• EXERCISE DESCRIPTION
Copy the opening lines of the listing exactly, through and including the line with "To compare results, just"; do not copy any pictures.

START EXERCISE DATA

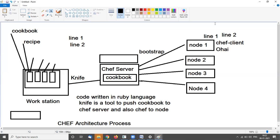I will share the document with you so you can read for more understanding.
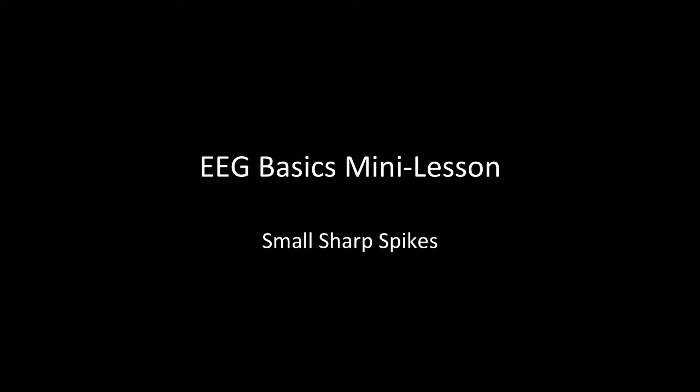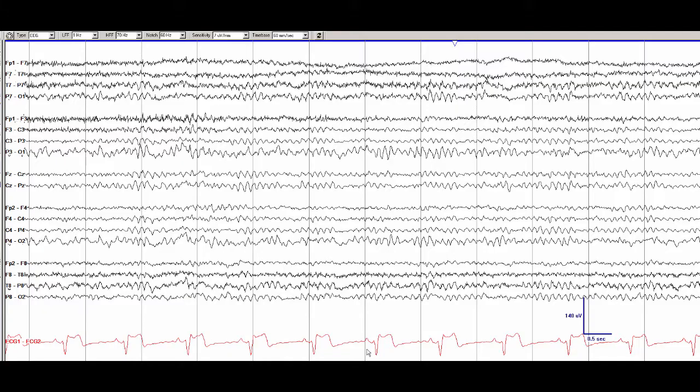This is an EEG Basics mini lesson focusing on small sharp spikes. Let's review the EEG of this patient who has been admitted for spells of uncertain significance.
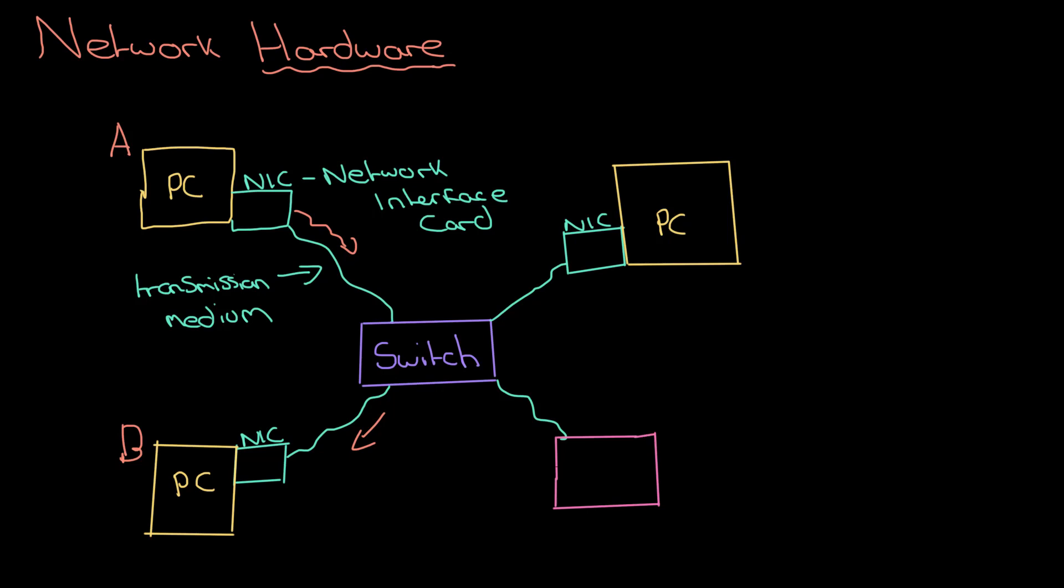And it does that by routing packets to the correct destination, or packets of data. For example, I might have a router here that is connected to the internet, which I'm just going to draw as a cloud down here, so you get the idea that I've got networks going on down here.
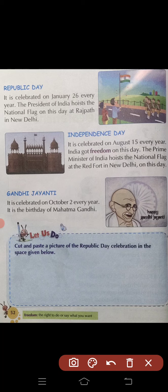Next है Gandhi Jayanti। It is celebrated on October 2nd every year. हर साल 2 अक्टूबर को मनाया जाता है। यह महात्मा गांधी का जन्मदिन है।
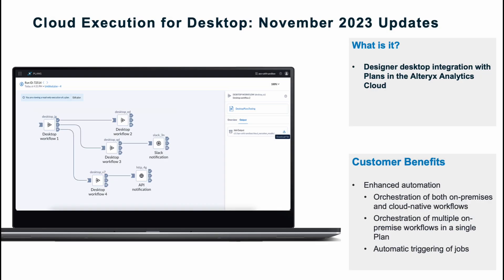Starting off with Cloud Execution for Desktop, we're thrilled to announce the integration of Designer Desktop with Plans and the Alteryx Analytics Cloud. It's an advanced scheduling and orchestration. You can intertwine your Designer Cloud workflows with your Cloud Execution workflows with your reports and plans, allowing you to use the Alteryx Analytics Cloud to orchestrate desktop workflows that have been published to the cloud using Cloud Execution for Desktop.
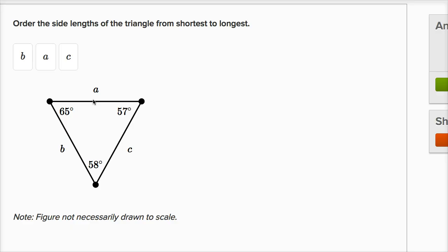And so the general principle, I'm not giving you any formal proof here, but the intuition is that the order of the angles will tell you what the order of the sides are going to be. So the smallest side is going to be opposite the smallest angle, the largest side is going to be opposite the largest angle.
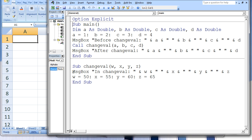Next, a message box appears that states 'in changeVal' and the values of w, x, y, and z, which are 1, 2, 3, and 4. Next, w is assigned the value 50, x is assigned the value 55, y is assigned the value 60, and z is assigned the value 65.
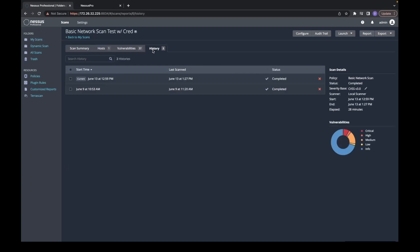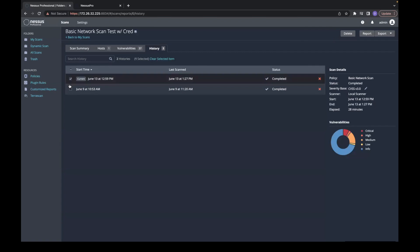To compare results, just click on the History tab and click on the two results. At the top right, click Diff.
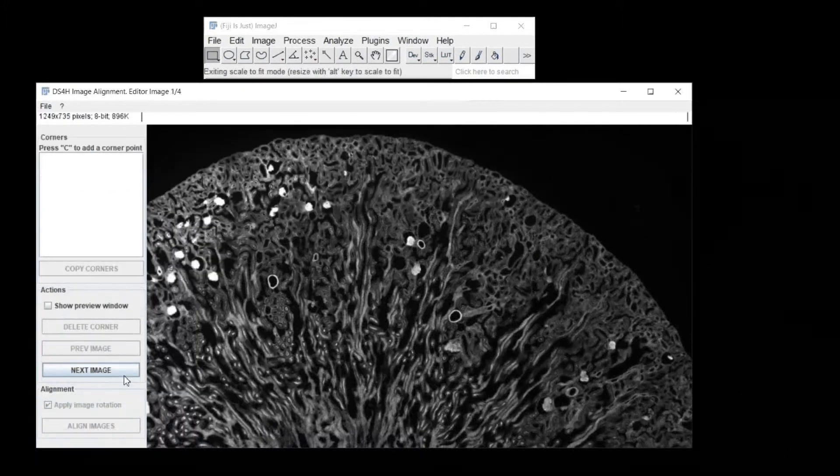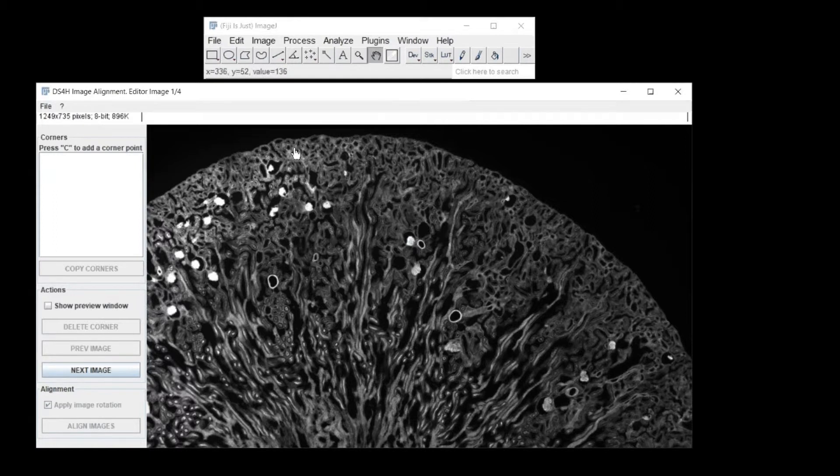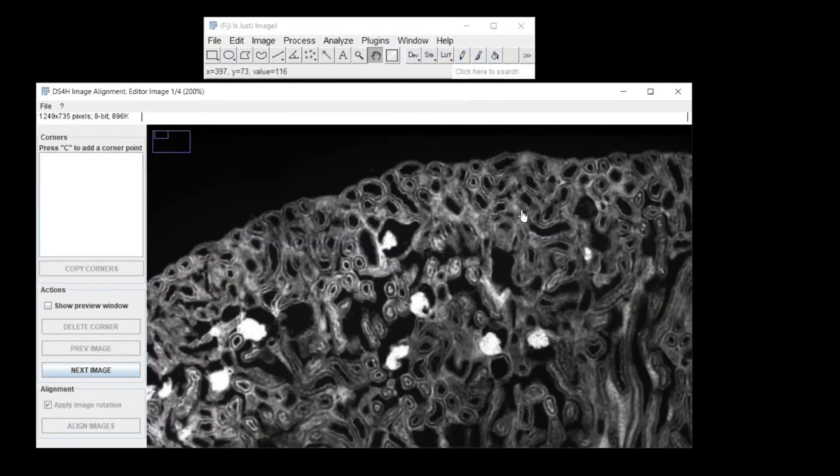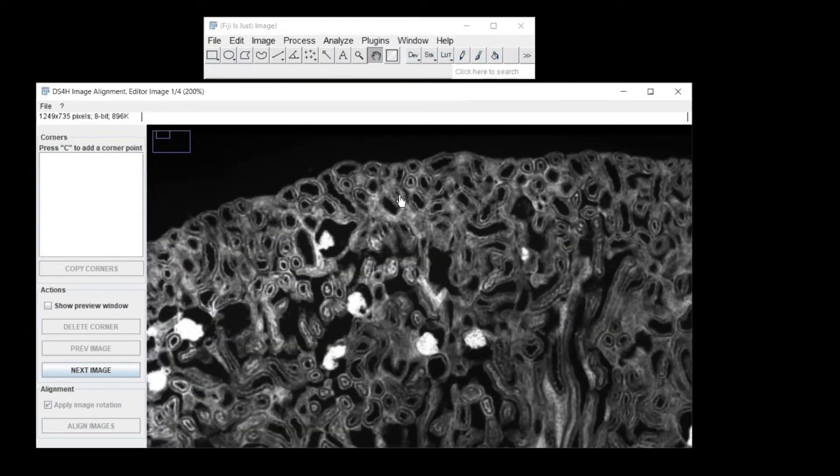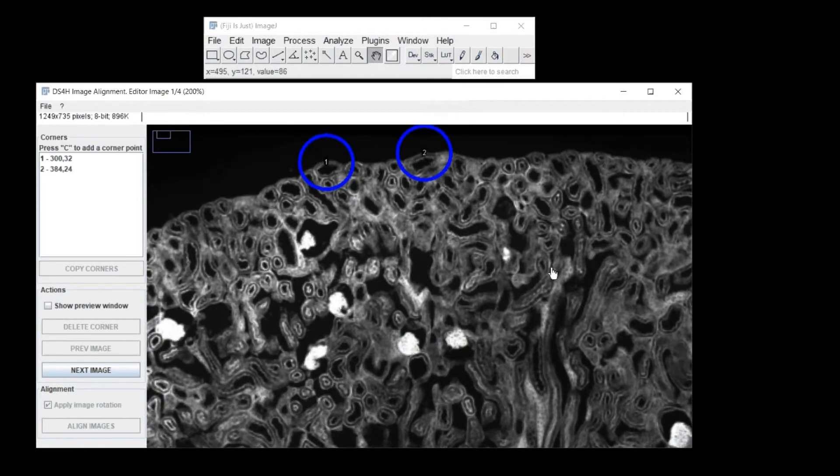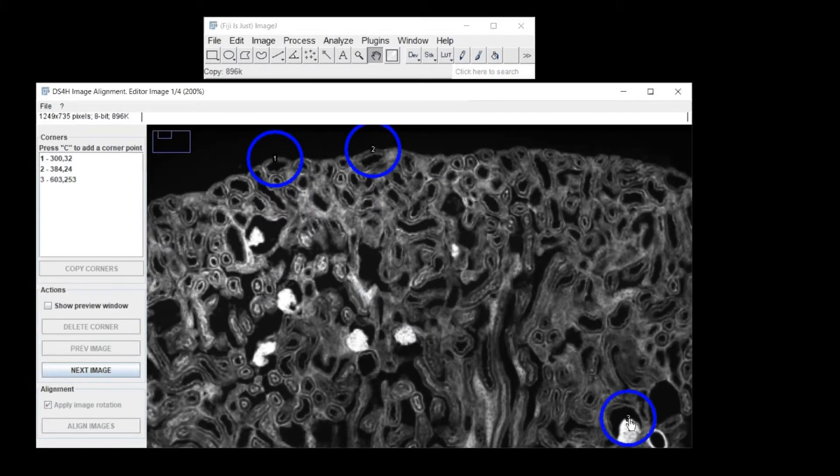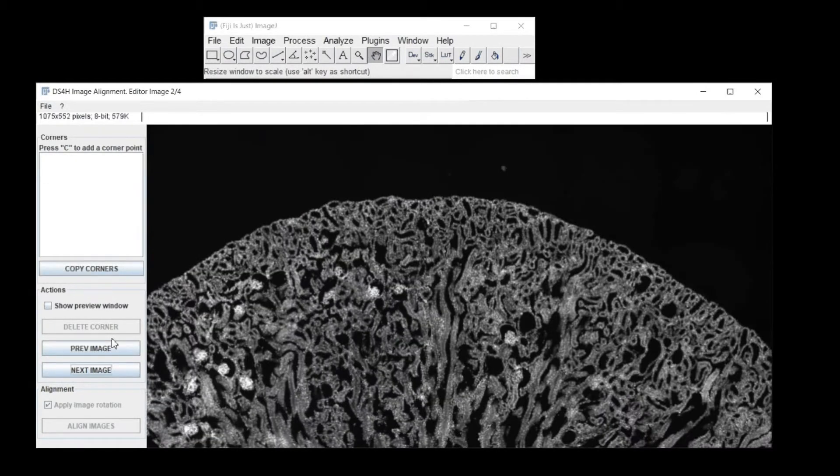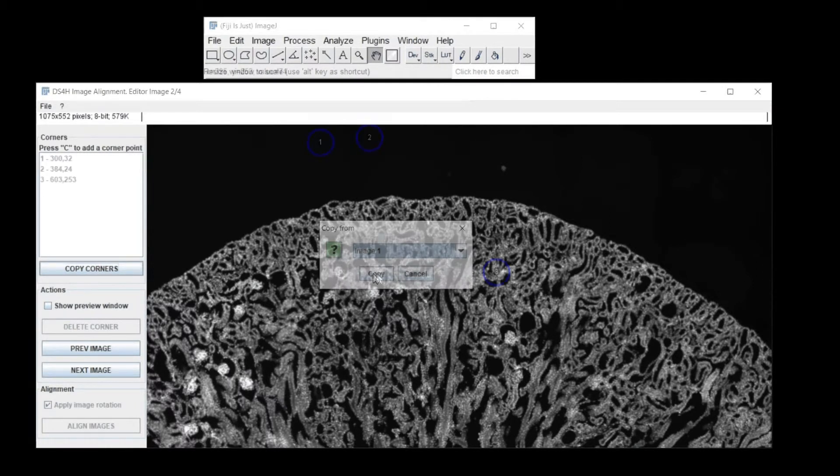All the classical buttons of ImageJ and Fiji are working with the Image Alignment plugin. So you can analyze your images using the plus and minus buttons to zoom in and out, and the small hand to drag the images. This will help you to define at least three corners in each image.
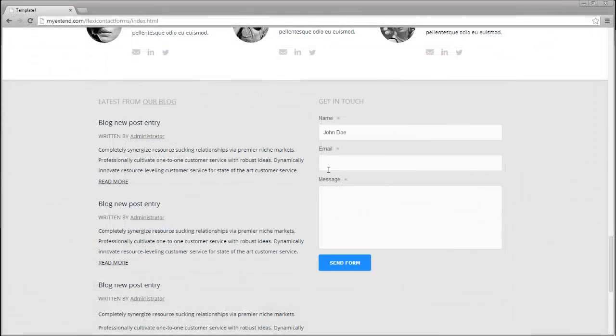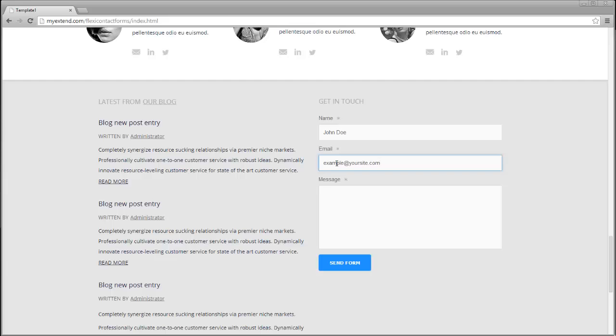After inserting the form in your page, you will need to upload the site file to the server and the form is now live and working.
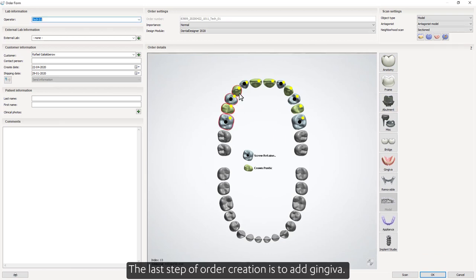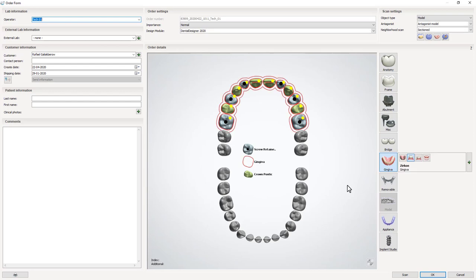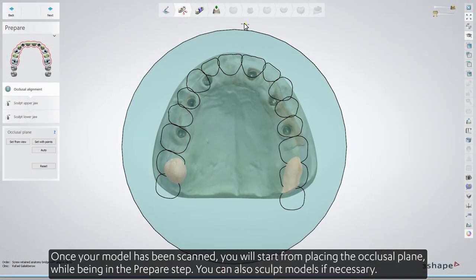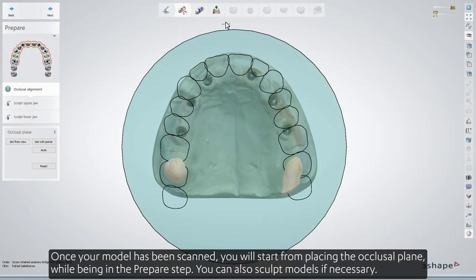Also remember to select the material of your choice. The last step of the order creation is to add gingiva. Once your model has been scanned, you'll start by placing the occlusal plane while being in the Prepare step.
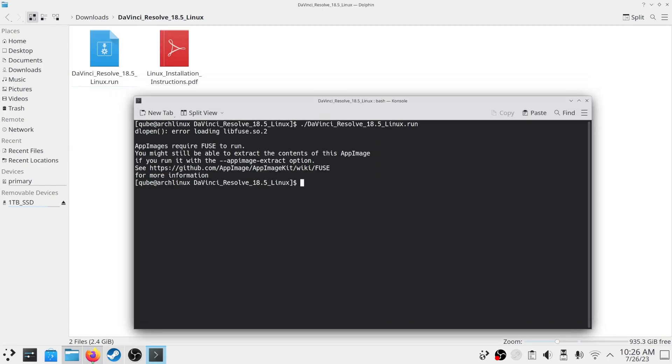If you receive the same error which you are seeing here, then you need to install Fuse Package. I am using Arch Linux, so I can type sudo pacman -S fuse2 and it will install the package.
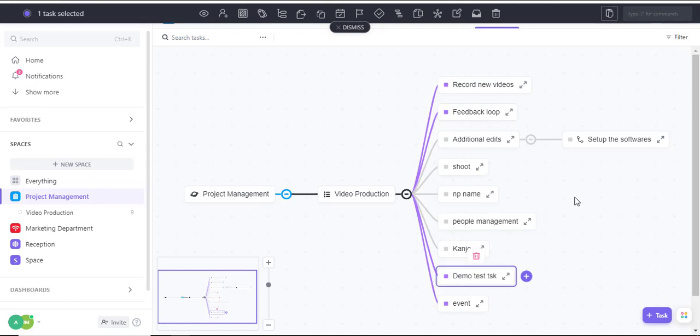That's how you work with mind maps in ClickUp. See you in the next video.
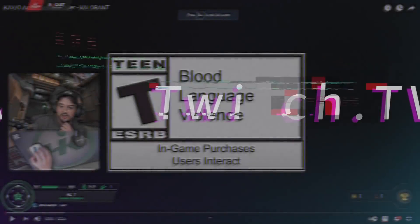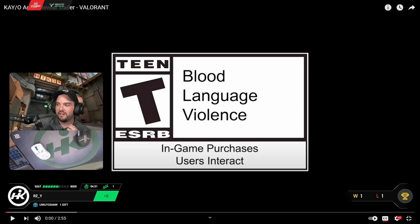Here we go, chat. This right here is the new agent trailer. Apparently, their name is K.O.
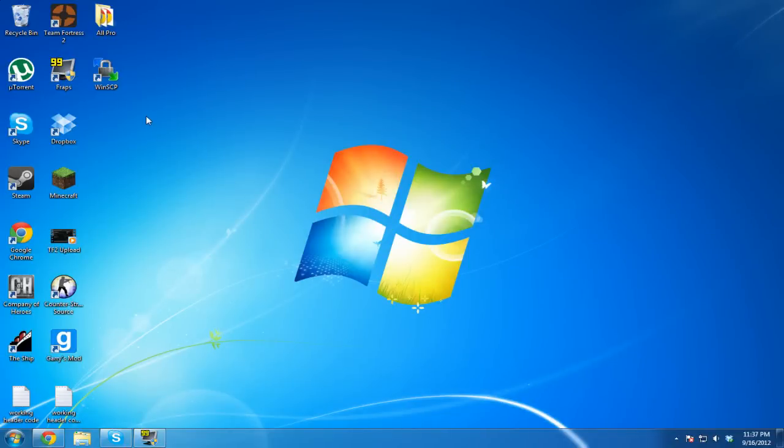Hey guys, what's up? It's Jaycraft from EpicTuts here, and today I'm going to show you how to install a TeamSpeak 3 server on a Linux VPS.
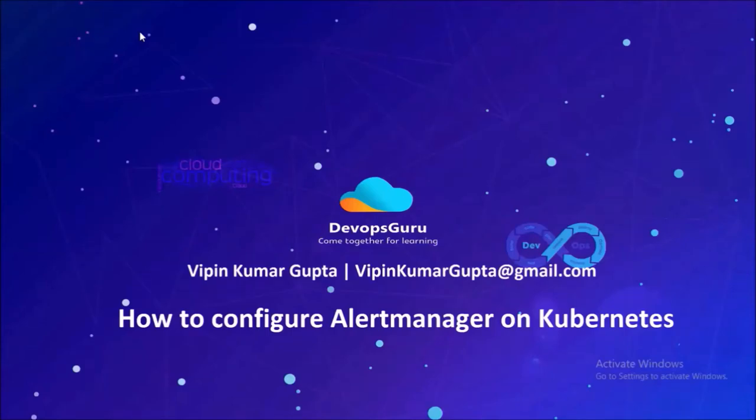Hey, good morning everyone. My name is Vipinkumar and this is the second video of the series.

END EXERCISE DATA

• ANSWER TO THIS TASK
I will share the document with you so you can read for more understanding.
This is an EEG Basics mini lesson focusing on small sharp spikes. Let's review the EEG of this patient who has been admitted for spells of uncertain significance.
And it does that by routing packets to the correct destination, or packets of data. For example, I might have a router here that is connected to the internet, which I'm just going to draw as a cloud down here, so you get the idea that I've got networks going on down here.
Next है Gandhi Jayanti। It is celebrated on October 2nd every year. हर साल 2 अक्टूबर को मनाया जाता है। यह महात्मा गांधी का जन्मदिन है।
Starting off with Cloud Execution for Desktop, we're thrilled to announce the integration of Designer Desktop with Plans and the Alteryx Analytics Cloud. It's an advanced scheduling and orchestration. You can intertwine your Designer Cloud workflows with your Cloud Execution workflows with your reports and plans, allowing you to use the Alteryx Analytics Cloud to orchestrate desktop workflows that have been published to the cloud using Cloud Execution for Desktop.
And so the general principle, I'm not giving you any formal proof here, but the intuition is that the order of the angles will tell you what the order of the sides are going to be. So the smallest side is going to be opposite the smallest angle, the largest side is going to be opposite the largest angle.
Next, a message box appears that states 'in changeVal' and the values of w, x, y, and z, which are 1, 2, 3, and 4. Next, w is assigned the value 50, x is assigned the value 55, y is assigned the value 60, and z is assigned the value 65.
To compare results, just click on the History tab and click on the two results. At the top right, click Diff.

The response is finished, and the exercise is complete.